**Lab: Train-Test Split in Python (with KNN)**

**Objective**
In this lab, you will learn how to:
* Perform a train-test split on a dataset.
* Train a K-Nearest Neighbor (KNN) classifier on the training data.
* Evaluate the model's accuracy on the test data.

By the end of this lab, you will have a working understanding of the basic process of training and testing a machine learning model.

**Steps for the Lab**

Step 1: Import Required Libraries

First, open your Python environment and import the following libraries:

In [1]:
# Importing libraries
from sklearn.datasets import load_iris  # Dataset
from sklearn.model_selection import train_test_split  # Train-test split
from sklearn.neighbors import KNeighborsClassifier  # KNN model
from sklearn.metrics import accuracy_score  # Accuracy metric

Step 2: Load the Dataset

We will use the **Iris dataset** for this lab. The Iris dataset contains data about the features of different types of iris flowers (like petal length, sepal length, etc.) and their corresponding species.

In [2]:
# Load the Iris dataset
iris = load_iris()

# Features and labels
X = iris.data  # Features (sepal length, petal width, etc.)
y = iris.target  # Target labels (species of iris)

Step 3: Perform the Train-Test Split

To avoid **overfitting**, we split the dataset into two parts: 80% for training and 20% for testing.
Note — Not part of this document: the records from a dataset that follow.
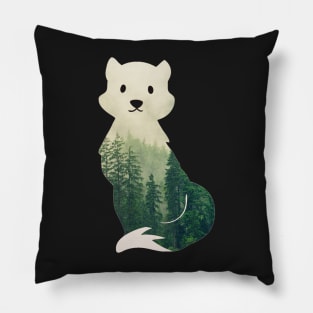 Misty forest fox silhouette pattern - Nature Pillow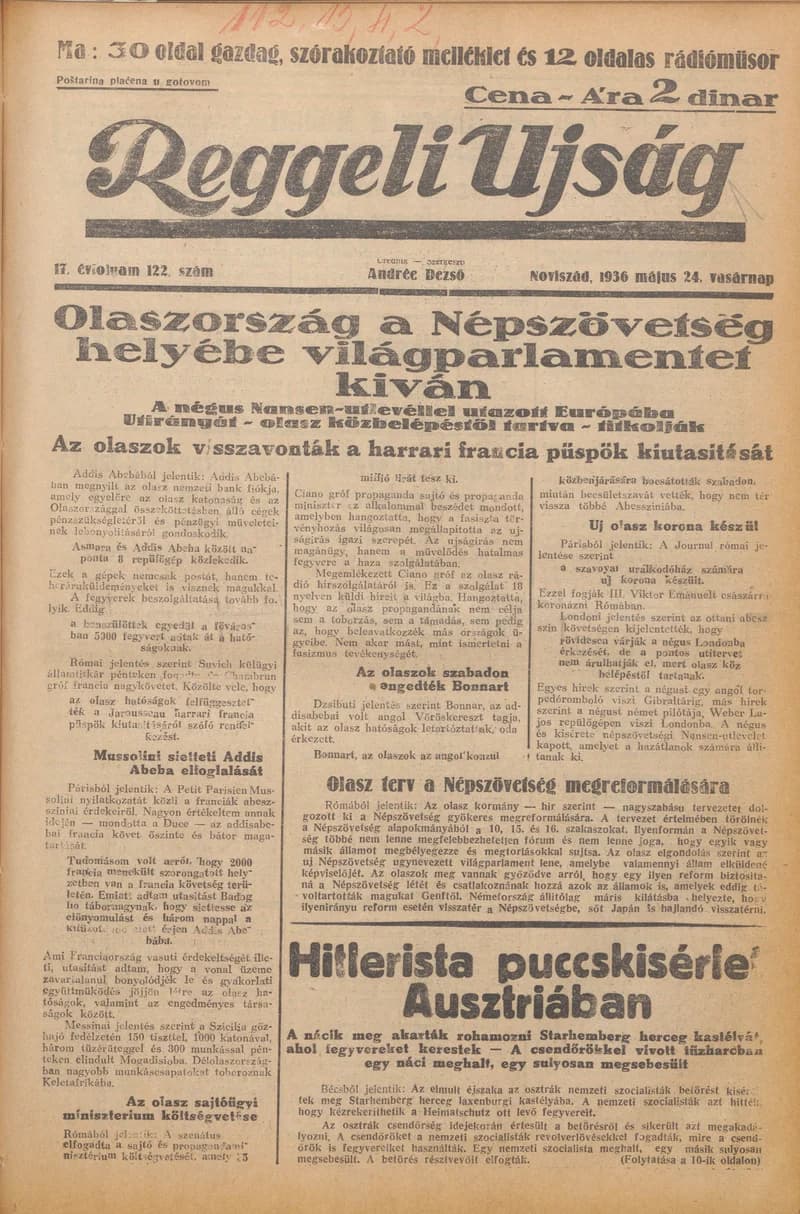 Reggeli Újság, 17. évf. 1936. május 24. 122. sz.
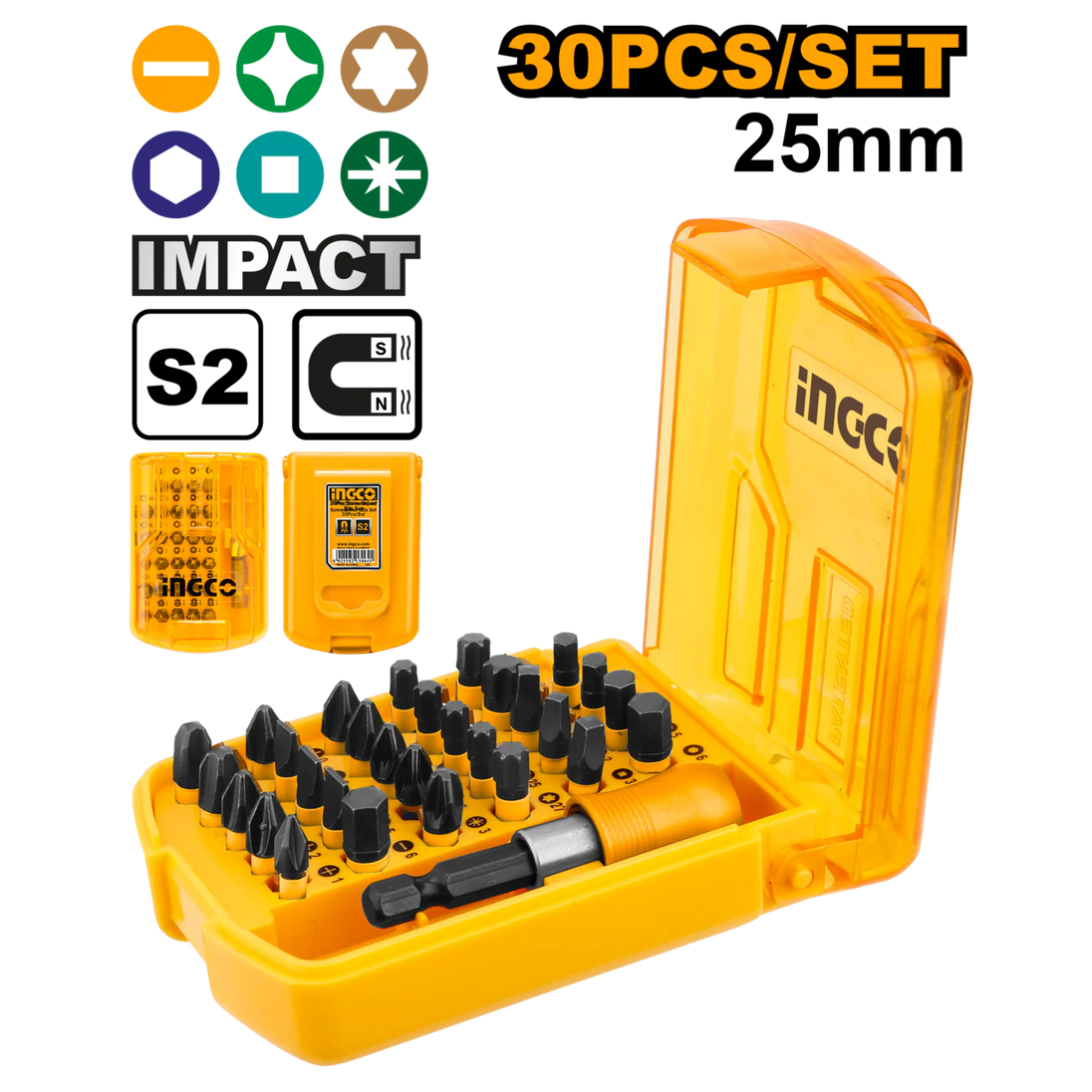 Ingco Impact Bit Set S2 30pc AKSD68303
This way, the model will be trained on one set and evaluated on unseen data.

In [None]:
# Splitting the data into training and testing sets
X_train, X_test, y_train, y_test = train_test_split(X, y, test_size=0.2, random_state=42)

# Print the shapes of the training and testing sets to verify the split
print(f"Training Set Shape: {X_train.shape}")
print(f"Testing Set Shape: {X_test.shape}")

Step 4: Train the KNN Model

We will use the **K-Nearest Neighbors (KNN)** algorithm for classification. In KNN, a data point is classified by a majority vote of its neighbors. We will set the number of neighbors to 3 in this example.

In [None]:
# Create and train the KNN model
knn = KNeighborsClassifier(n_neighbors=3)  # K=3
knn.fit(X_train, y_train)  # Train the model

Step 5: Test the Model

Once the model is trained, we can use it to make predictions on the test data (data the model hasn't seen before).

In [None]:
# Predict the labels for the test set
y_pred = knn.predict(X_test)

# Print the predictions
print(f"Predicted Labels: {y_pred}")

Step 6: Evaluate the Model

The model's accuracy is the percentage of correct predictions on the test set. We'll compare the predicted labels to the actual labels to calculate the accuracy.

In [6]:
# Calculate and print the model's accuracy
accuracy = accuracy_score(y_test, y_pred)
print(f"Model Accuracy: {accuracy * 100:.2f}%")

Model Accuracy: 100.00%


**Lab Questions**

Answer the following questions after completing this lab:

1) What is the purpose of splitting the data into training and testing sets?
2) Why is it important to evaluate a model's performance on data it hasn't seen before?
3) What could happen if we don’t use a train-test split (i.e., if we test on the same data we trained on)?
4) How does changing the number of neighbors (n_neighbors) in KNN affect the model's accuracy?